**Available data**
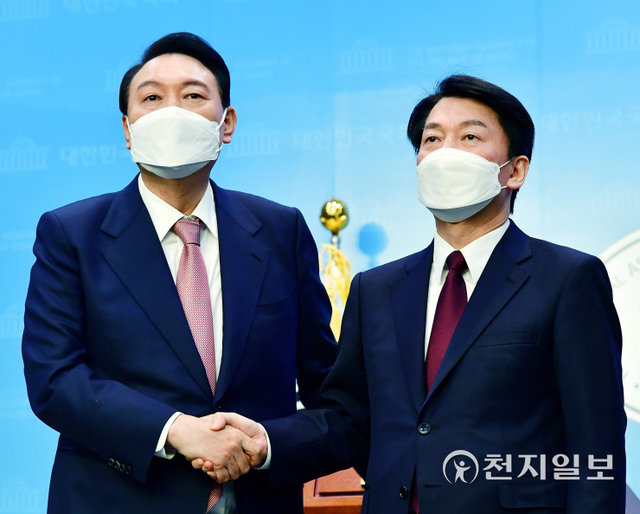 [천지일보=박준성 기자] 국민의힘 윤석열 대선 후보와 국민의당 안철수 대선 후보가 3일 오전 서울 여의도 국회 소통관에서 단일화 공동 기자회견을 마친 뒤 손을 맞잡고 있다. ⓒ천지일보 2022.3.3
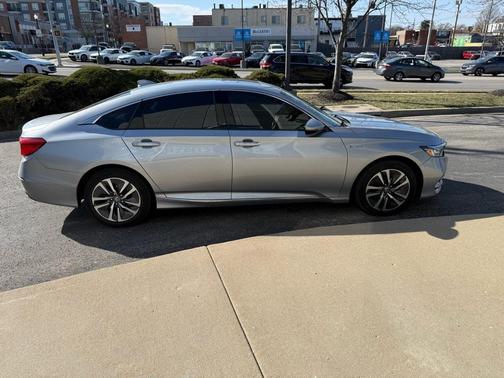 2020 Honda Accord Hybrid Touring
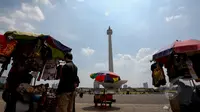 Pemerintah Provinsi DKI Jakarta berencana akan menutup semua akses pintu masuk Taman Monumen Nasional bagi pedagang kaki lima liar mulai Juni mendatang. , Jakarta, Rabu (14/5/2015). (Liputan6.com/Faizal Fanani)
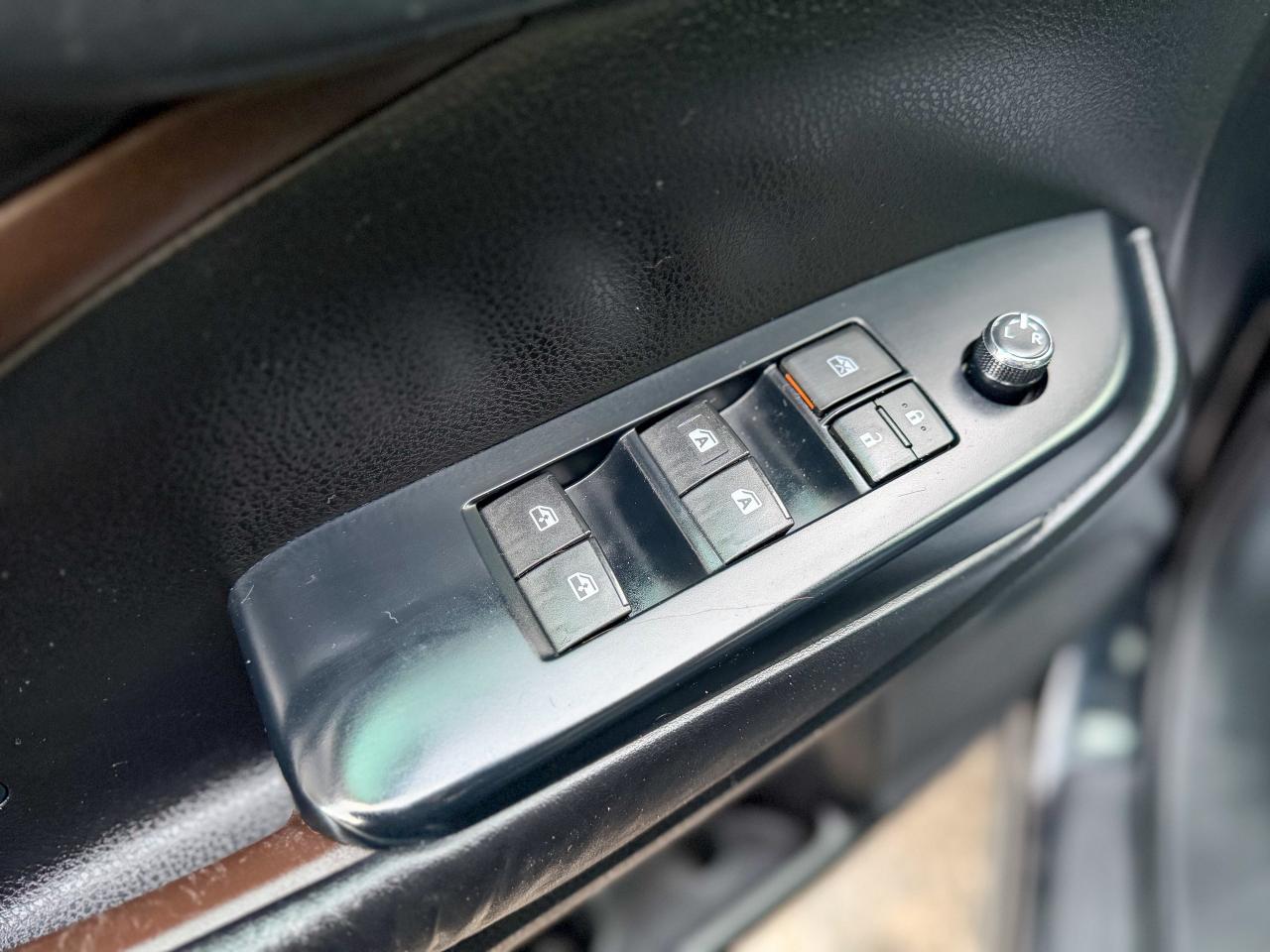 2016 Toyota Highlander XLE/AWD/NAVI/CAMERA/REMOTE/8 PASS/LOW KM/3.5L Photo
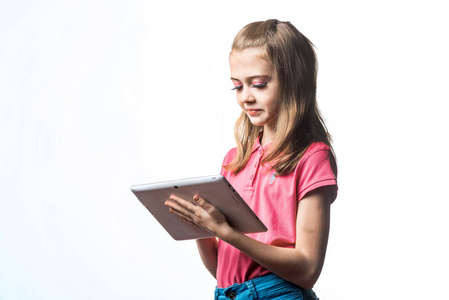 漂亮的小女孩，与平板电脑在手在一张白纸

**How to complete this task**
Write out exactly the lines from the one containing "2020 Honda Accord Hybrid Touring" through the end of the entries, both included. Pictures are not copied.

**Exercise result**
 2020 Honda Accord Hybrid Touring
 Pemerintah Provinsi DKI Jakarta berencana akan menutup semua akses pintu masuk Taman Monumen Nasional bagi pedagang kaki lima liar mulai Juni mendatang. , Jakarta, Rabu (14/5/2015). (Liputan6.com/Faizal Fanani)
 2016 Toyota Highlander XLE/AWD/NAVI/CAMERA/REMOTE/8 PASS/LOW KM/3.5L Photo
 漂亮的小女孩，与平板电脑在手在一张白纸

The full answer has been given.